Co-organised by the Hong Kong Special Administrative Region (HKSAR) Government and the Hong Kong Trade Development Council (HKTDC), the two-day Asian Financial Forum (AFF) came to a successful conclusion today at the Hong Kong Convention and Exhibition Centre.

This year’s AFF featured more than 90 prominent speakers including top government officials and business and financial leaders from around the world, including today’s Keynote Luncheon speaker Dr Ben S. Bernanke, Chairman of the United States Federal Reserve System (2006-2014).

The forum welcomed more than 2,800 financial experts, CEOs, professional investors and high net-worth individuals from 38 countries and regions.

During the AFF, the HKTDC organised on-site real-time surveys to gauge the views of participating financial and business elites on key issues relating to the global economy and investment environment. Survey results showed that most participants were not optimistic about the prospects for the global economy this year.

Only 15.8 per cent of participants were optimistic about the global economic outlook

whereas 43.7 per cent were pessimistic, and 40.5 per cent expressed a neutral view. When asked about the biggest risk to the global economy this year, 36.3 per cent of the participants cited the potential for a hard landing of the Chinese mainland economy, followed by geopolitical tensions (21.8%), collapse of energy and commodity prices (20.4%), and uncertainty about the pace of US interest rate normalisation (17.9%).

China and US Seen as Offering Best Investment Returns in 2016

When asked about markets offering the best investment returns, China ranked first with 30.3 per cent of the votes followed by the US (23.4%), Southeast Asia (17.5%) and India (12.7%).

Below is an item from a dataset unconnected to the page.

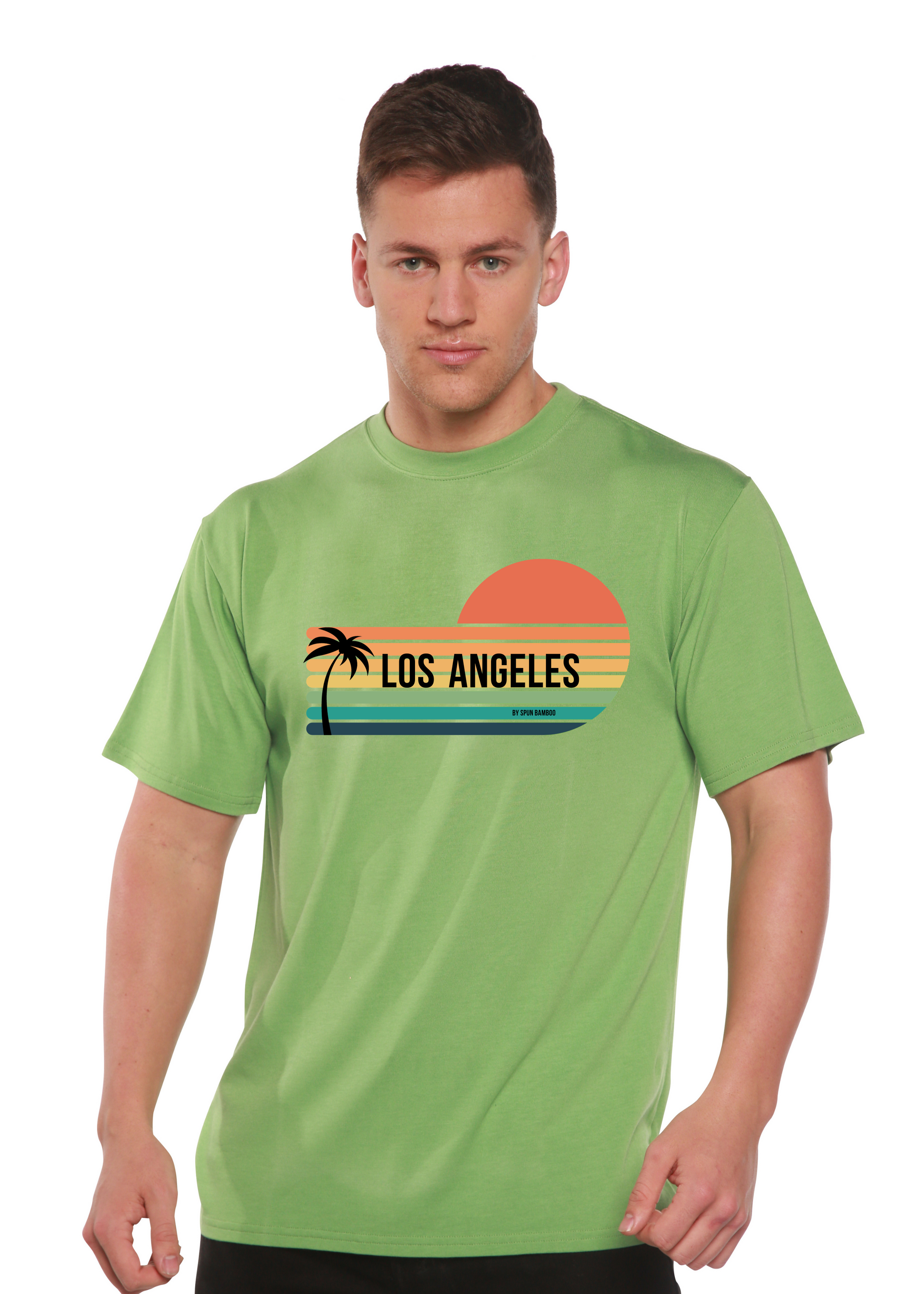 Spun Bamboo Los Angeles graphic tee in lime green with palm & sunset for men on Tampa Home & Garden Store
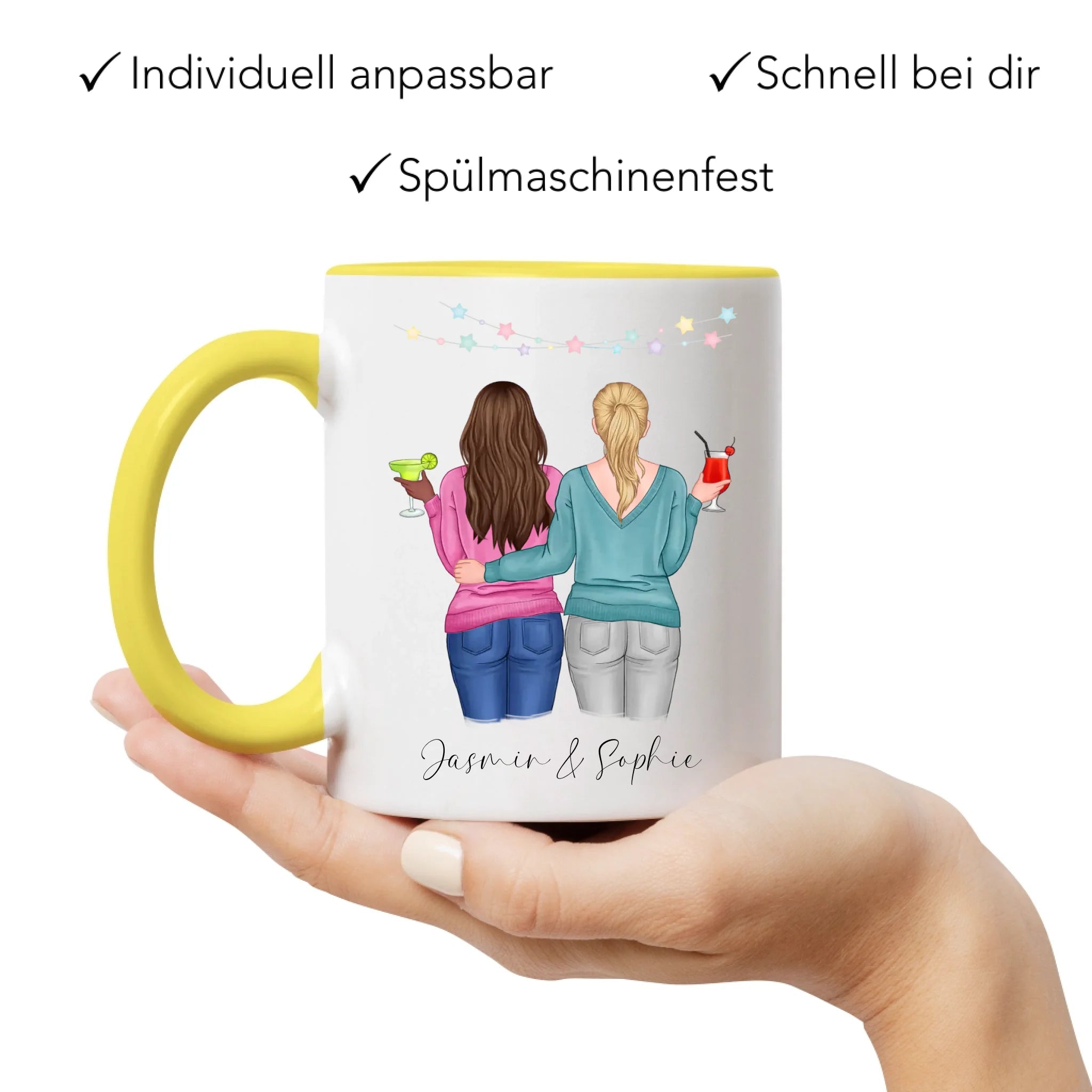 Tasse für Beste Freundin BFF Schwester Mutter Tochter Personalisierte Freundinnen Tasse Geschenk zum Geburtstag Weihnachten Abschied Arbeitskollegin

In terms of industrial sectors with the greatest potential to drive global growth, 23.4 per cent of respondents picked green industries/environmental goods and services, followed by telecom, media and technology (20.1%), E-commerce (20.1%), and healthcare (18.7%). Other sectors put to the vote were real estate and infrastructure (6.4%) and financial services (6.2%). Food and agriculture (4.3%) and luxury products (0.7%) were seen as having less potential to drive global growth.